> [ASSIGNED TASK]:
In the entries below, find the line with "2007-18 Jeep Wrangler" and the line with "For Huawei Mate", then retype both and everything between them exactly. Do not copy the pictures.

> [DATA FOR THE TASK]:
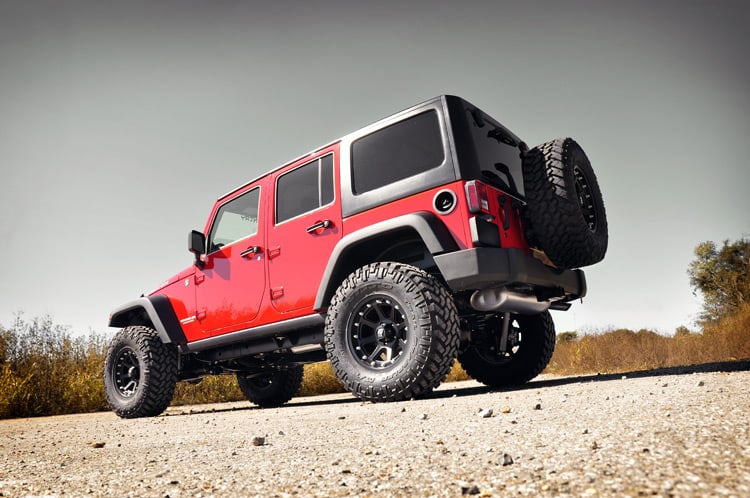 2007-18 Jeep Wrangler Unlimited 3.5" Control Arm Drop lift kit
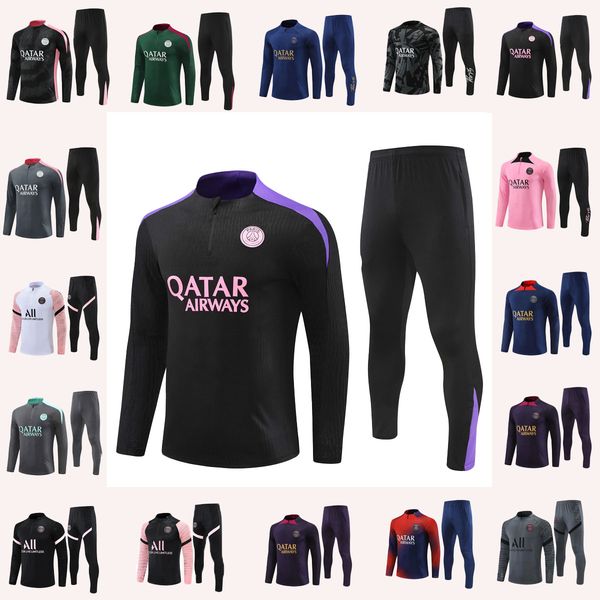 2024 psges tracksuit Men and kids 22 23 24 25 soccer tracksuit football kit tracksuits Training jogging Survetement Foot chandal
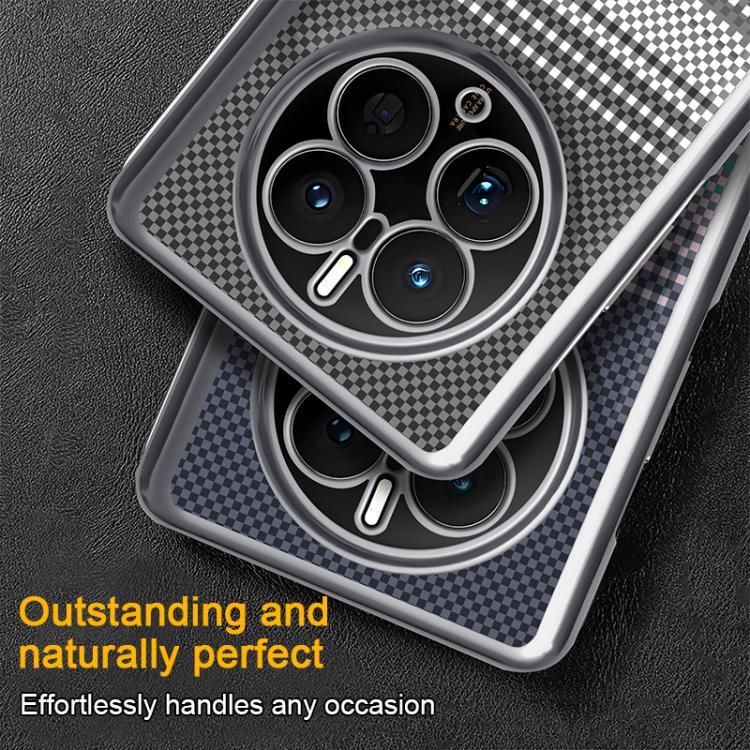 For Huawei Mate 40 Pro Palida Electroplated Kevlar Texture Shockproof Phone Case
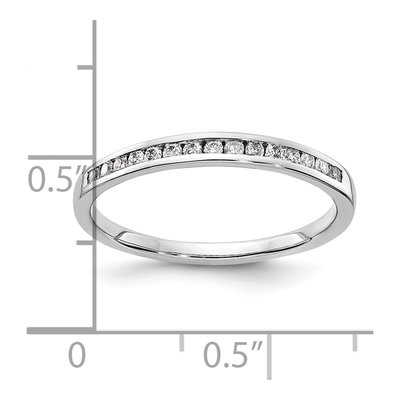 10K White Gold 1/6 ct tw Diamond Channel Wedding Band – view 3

...

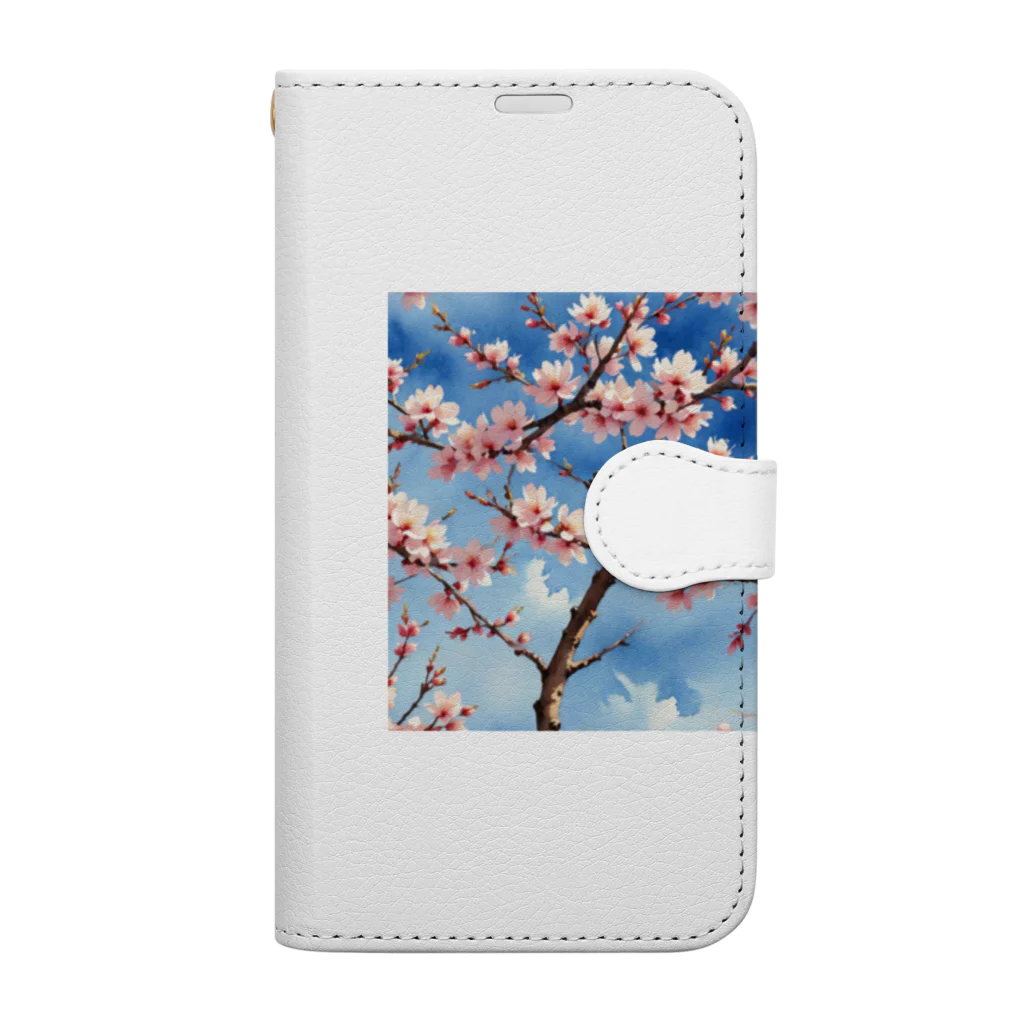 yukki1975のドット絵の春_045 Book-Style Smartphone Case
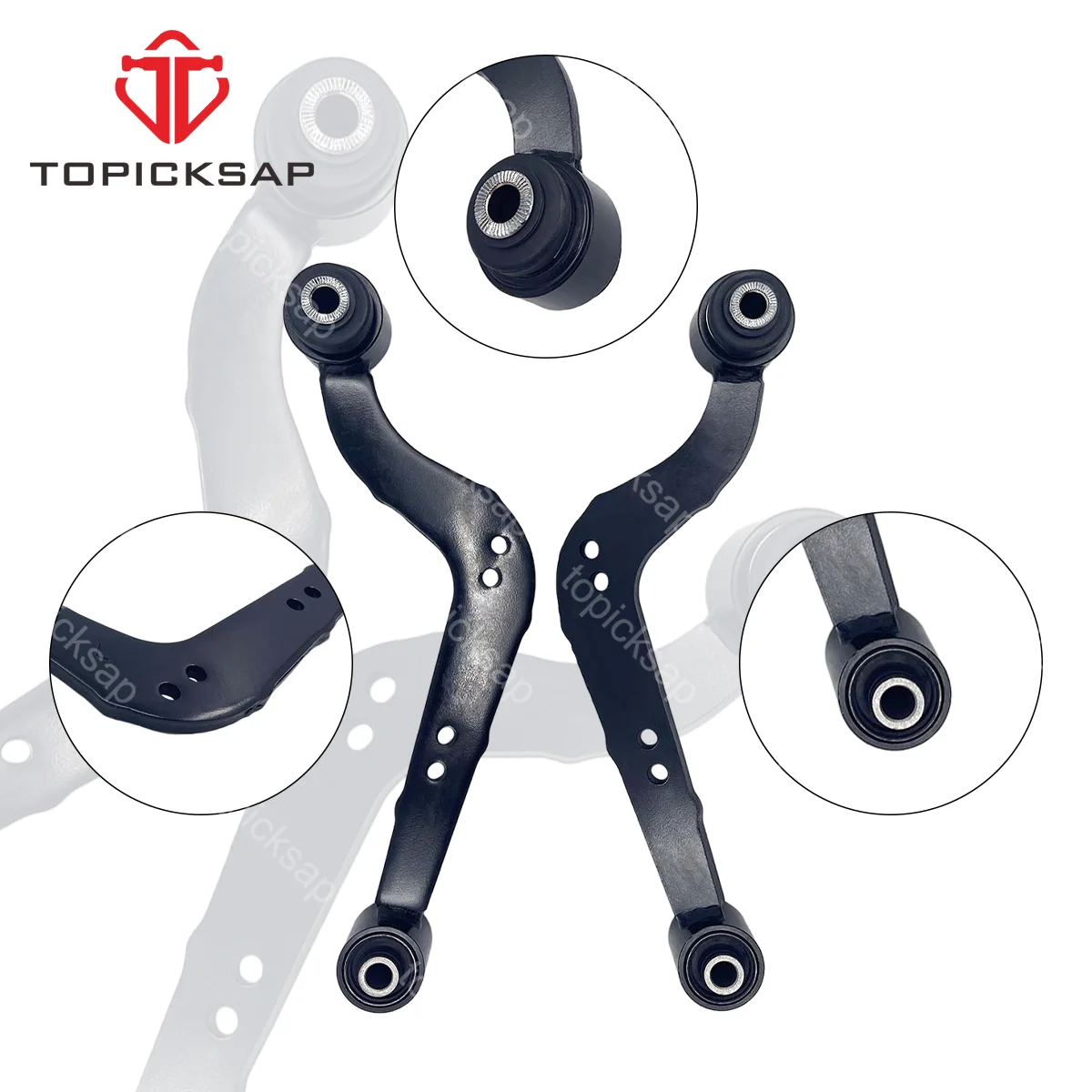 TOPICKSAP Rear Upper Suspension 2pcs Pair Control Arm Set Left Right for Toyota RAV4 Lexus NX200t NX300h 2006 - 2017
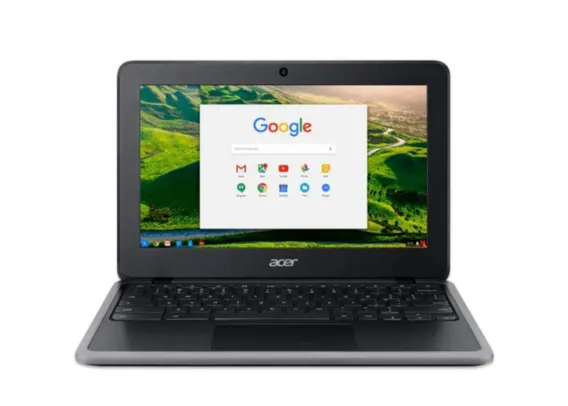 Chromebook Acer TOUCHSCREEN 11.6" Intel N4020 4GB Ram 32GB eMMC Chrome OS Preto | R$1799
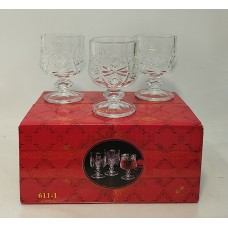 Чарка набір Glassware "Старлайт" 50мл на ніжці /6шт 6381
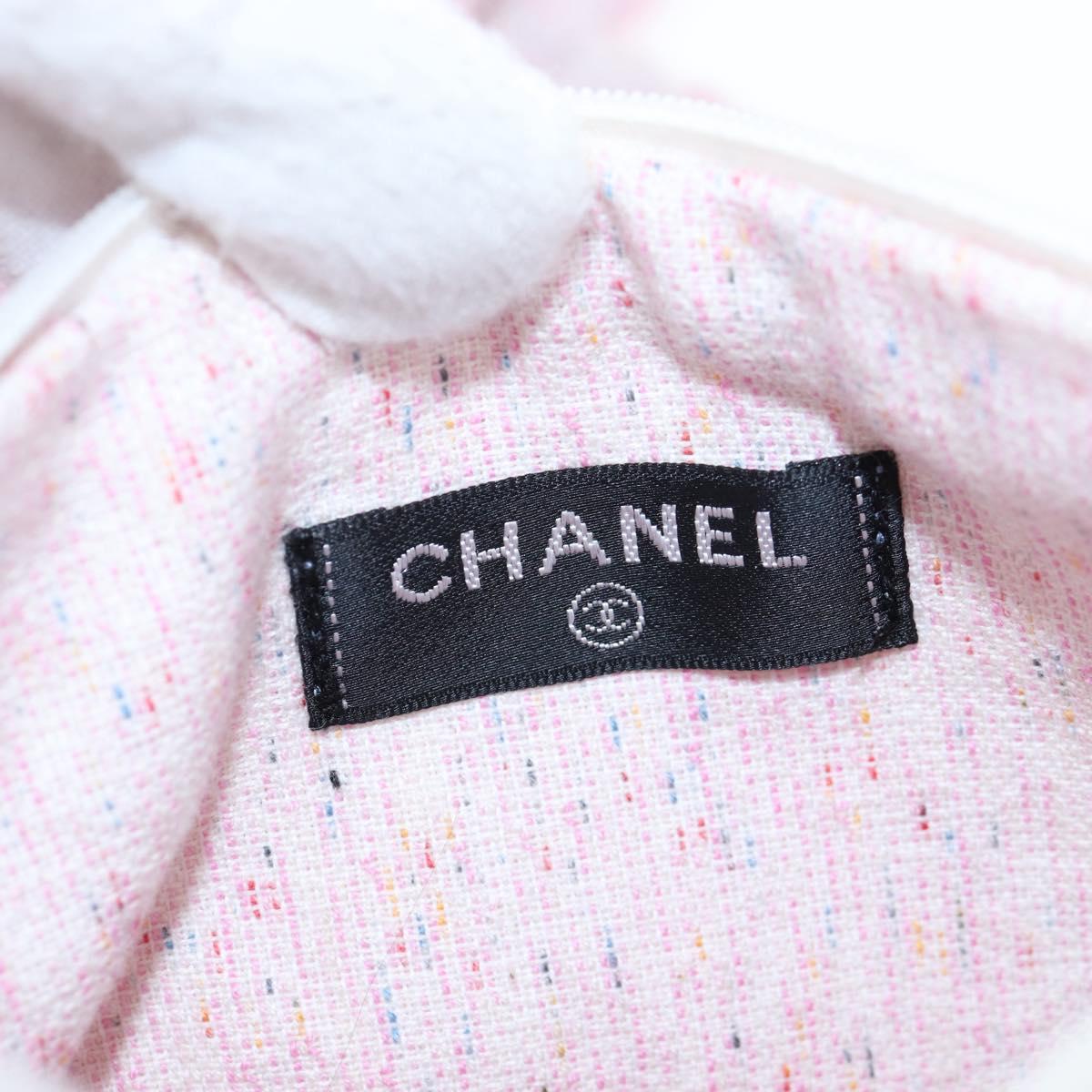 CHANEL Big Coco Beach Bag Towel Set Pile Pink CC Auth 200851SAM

--

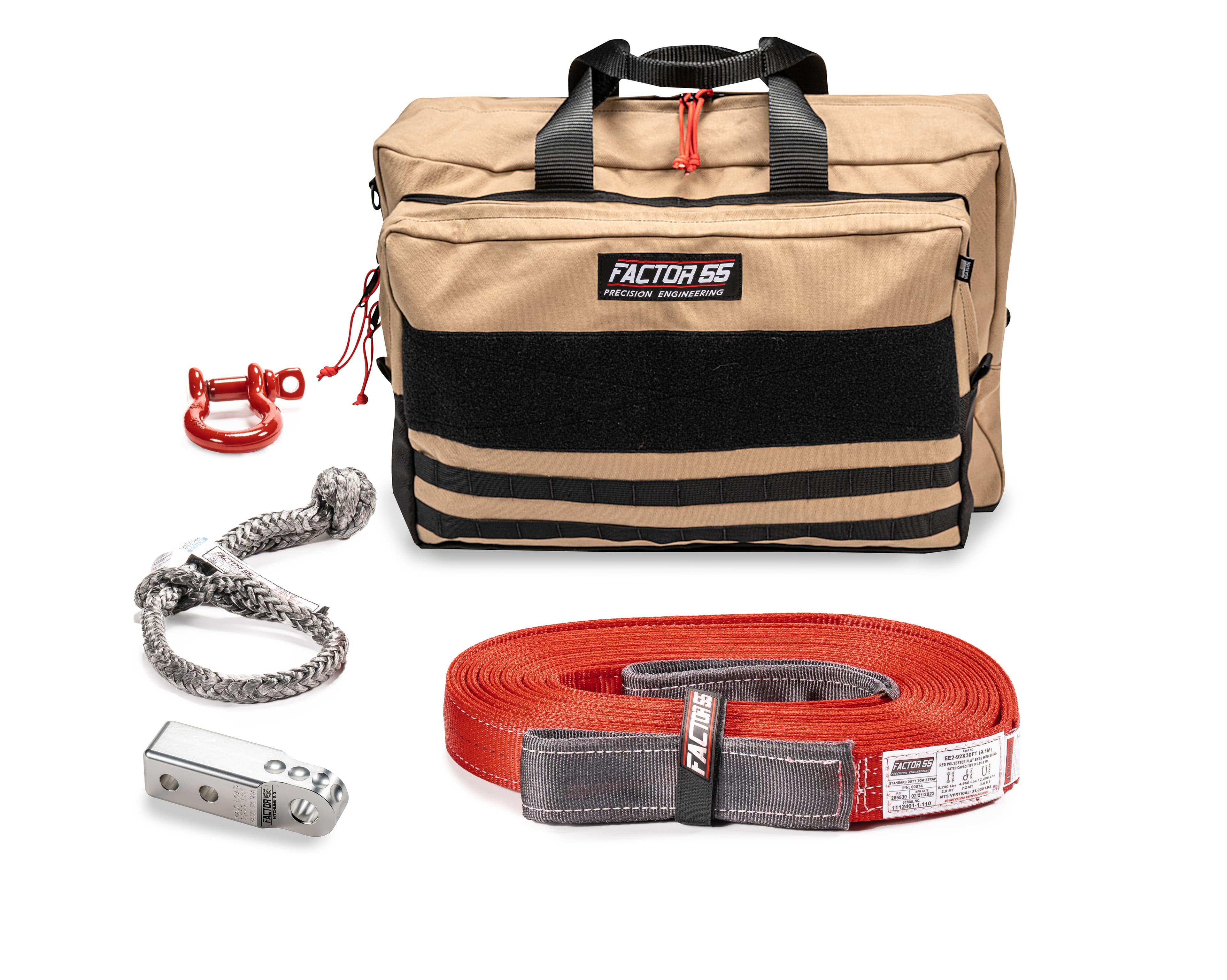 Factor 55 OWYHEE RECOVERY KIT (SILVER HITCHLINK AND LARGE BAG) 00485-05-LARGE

> [RESULT]:
 2007-18 Jeep Wrangler Unlimited 3.5" Control Arm Drop lift kit
 2024 psges tracksuit Men and kids 22 23 24 25 soccer tracksuit football kit tracksuits Training jogging Survetement Foot chandal
 For Huawei Mate 40 Pro Palida Electroplated Kevlar Texture Shockproof Phone Case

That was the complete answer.